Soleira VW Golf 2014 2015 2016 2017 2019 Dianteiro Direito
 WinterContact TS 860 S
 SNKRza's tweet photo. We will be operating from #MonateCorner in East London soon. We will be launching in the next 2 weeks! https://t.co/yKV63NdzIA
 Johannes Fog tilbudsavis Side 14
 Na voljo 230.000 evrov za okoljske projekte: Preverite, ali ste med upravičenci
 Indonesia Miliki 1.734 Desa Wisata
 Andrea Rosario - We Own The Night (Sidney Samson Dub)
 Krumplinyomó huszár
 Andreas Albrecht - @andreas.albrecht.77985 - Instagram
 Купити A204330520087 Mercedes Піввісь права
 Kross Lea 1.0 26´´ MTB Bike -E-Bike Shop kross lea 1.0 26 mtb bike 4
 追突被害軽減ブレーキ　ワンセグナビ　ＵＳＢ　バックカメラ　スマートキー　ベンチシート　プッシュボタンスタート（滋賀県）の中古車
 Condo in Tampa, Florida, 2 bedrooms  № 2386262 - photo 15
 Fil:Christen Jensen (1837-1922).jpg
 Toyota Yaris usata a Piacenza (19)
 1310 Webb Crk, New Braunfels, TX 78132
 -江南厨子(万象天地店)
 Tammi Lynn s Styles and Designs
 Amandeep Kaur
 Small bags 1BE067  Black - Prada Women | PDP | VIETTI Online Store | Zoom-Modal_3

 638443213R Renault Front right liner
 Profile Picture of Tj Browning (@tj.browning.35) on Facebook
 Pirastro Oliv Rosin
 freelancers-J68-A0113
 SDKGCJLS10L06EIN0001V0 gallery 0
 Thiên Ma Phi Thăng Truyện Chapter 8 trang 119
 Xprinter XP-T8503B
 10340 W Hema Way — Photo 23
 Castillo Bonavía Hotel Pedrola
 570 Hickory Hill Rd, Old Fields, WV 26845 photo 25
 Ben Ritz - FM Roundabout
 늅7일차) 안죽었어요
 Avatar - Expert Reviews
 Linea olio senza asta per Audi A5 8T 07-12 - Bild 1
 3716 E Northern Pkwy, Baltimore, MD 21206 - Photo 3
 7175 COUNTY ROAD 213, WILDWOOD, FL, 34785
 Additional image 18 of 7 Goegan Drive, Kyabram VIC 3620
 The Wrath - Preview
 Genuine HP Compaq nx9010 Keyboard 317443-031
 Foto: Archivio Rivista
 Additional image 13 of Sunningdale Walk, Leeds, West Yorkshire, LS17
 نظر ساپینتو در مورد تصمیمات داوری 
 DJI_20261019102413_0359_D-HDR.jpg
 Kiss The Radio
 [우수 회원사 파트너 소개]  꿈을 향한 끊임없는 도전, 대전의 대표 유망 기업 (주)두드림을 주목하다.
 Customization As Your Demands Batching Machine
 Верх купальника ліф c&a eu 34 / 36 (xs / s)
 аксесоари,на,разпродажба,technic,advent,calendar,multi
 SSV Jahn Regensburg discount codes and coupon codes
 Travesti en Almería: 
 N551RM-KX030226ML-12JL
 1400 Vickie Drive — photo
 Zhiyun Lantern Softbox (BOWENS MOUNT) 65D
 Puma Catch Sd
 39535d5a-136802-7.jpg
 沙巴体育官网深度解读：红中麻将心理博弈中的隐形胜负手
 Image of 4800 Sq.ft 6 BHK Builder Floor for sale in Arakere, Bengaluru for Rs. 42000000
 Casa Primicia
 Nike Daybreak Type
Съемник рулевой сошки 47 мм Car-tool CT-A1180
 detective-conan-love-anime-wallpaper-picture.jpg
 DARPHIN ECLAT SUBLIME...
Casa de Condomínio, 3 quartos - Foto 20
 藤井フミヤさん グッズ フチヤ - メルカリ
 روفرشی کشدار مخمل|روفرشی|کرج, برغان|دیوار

########################################

→ **REQUIRED ACTION**: Transcribe the data exactly.

→ **RESULT OF THIS TASK**:
Soleira VW Golf 2014 2015 2016 2017 2019 Dianteiro Direito
 WinterContact TS 860 S
 SNKRza's tweet photo. We will be operating from #MonateCorner in East London soon. We will be launching in the next 2 weeks! https://t.co/yKV63NdzIA
 Johannes Fog tilbudsavis Side 14
 Na voljo 230.000 evrov za okoljske projekte: Preverite, ali ste med upravičenci
 Indonesia Miliki 1.734 Desa Wisata
 Andrea Rosario - We Own The Night (Sidney Samson Dub)
 Krumplinyomó huszár
 Andreas Albrecht - @andreas.albrecht.77985 - Instagram
 Купити A204330520087 Mercedes Піввісь права
 Kross Lea 1.0 26´´ MTB Bike -E-Bike Shop kross lea 1.0 26 mtb bike 4
 追突被害軽減ブレーキ　ワンセグナビ　ＵＳＢ　バックカメラ　スマートキー　ベンチシート　プッシュボタンスタート（滋賀県）の中古車
 Condo in Tampa, Florida, 2 bedrooms  № 2386262 - photo 15
 Fil:Christen Jensen (1837-1922).jpg
 Toyota Yaris usata a Piacenza (19)
 1310 Webb Crk, New Braunfels, TX 78132
 -江南厨子(万象天地店)
 Tammi Lynn s Styles and Designs
 Amandeep Kaur
 Small bags 1BE067  Black - Prada Women | PDP | VIETTI Online Store | Zoom-Modal_3

 638443213R Renault Front right liner
 Profile Picture of Tj Browning (@tj.browning.35) on Facebook
 Pirastro Oliv Rosin
 freelancers-J68-A0113
 SDKGCJLS10L06EIN0001V0 gallery 0
 Thiên Ma Phi Thăng Truyện Chapter 8 trang 119
 Xprinter XP-T8503B
 10340 W Hema Way — Photo 23
 Castillo Bonavía Hotel Pedrola
 570 Hickory Hill Rd, Old Fields, WV 26845 photo 25
 Ben Ritz - FM Roundabout
 늅7일차) 안죽었어요
 Avatar - Expert Reviews
 Linea olio senza asta per Audi A5 8T 07-12 - Bild 1
 3716 E Northern Pkwy, Baltimore, MD 21206 - Photo 3
 7175 COUNTY ROAD 213, WILDWOOD, FL, 34785
 Additional image 18 of 7 Goegan Drive, Kyabram VIC 3620
 The Wrath - Preview
 Genuine HP Compaq nx9010 Keyboard 317443-031
 Foto: Archivio Rivista
 Additional image 13 of Sunningdale Walk, Leeds, West Yorkshire, LS17
 نظر ساپینتو در مورد تصمیمات داوری 
 DJI_20261019102413_0359_D-HDR.jpg
 Kiss The Radio
 [우수 회원사 파트너 소개]  꿈을 향한 끊임없는 도전, 대전의 대표 유망 기업 (주)두드림을 주목하다.
 Customization As Your Demands Batching Machine
 Верх купальника ліф c&a eu 34 / 36 (xs / s)
 аксесоари,на,разпродажба,technic,advent,calendar,multi
 SSV Jahn Regensburg discount codes and coupon codes
 Travesti en Almería: 
 N551RM-KX030226ML-12JL
 1400 Vickie Drive — photo
 Zhiyun Lantern Softbox (BOWENS MOUNT) 65D
 Puma Catch Sd
 39535d5a-136802-7.jpg
 沙巴体育官网深度解读：红中麻将心理博弈中的隐形胜负手
 Image of 4800 Sq.ft 6 BHK Builder Floor for sale in Arakere, Bengaluru for Rs. 42000000
 Casa Primicia
 Nike Daybreak Type
Съемник рулевой сошки 47 мм Car-tool CT-A1180
 detective-conan-love-anime-wallpaper-picture.jpg
 DARPHIN ECLAT SUBLIME...
Casa de Condomínio, 3 quartos - Foto 20
 藤井フミヤさん グッズ フチヤ - メルカリ
 روفرشی کشدار مخمل|روفرشی|کرج, برغان|دیوار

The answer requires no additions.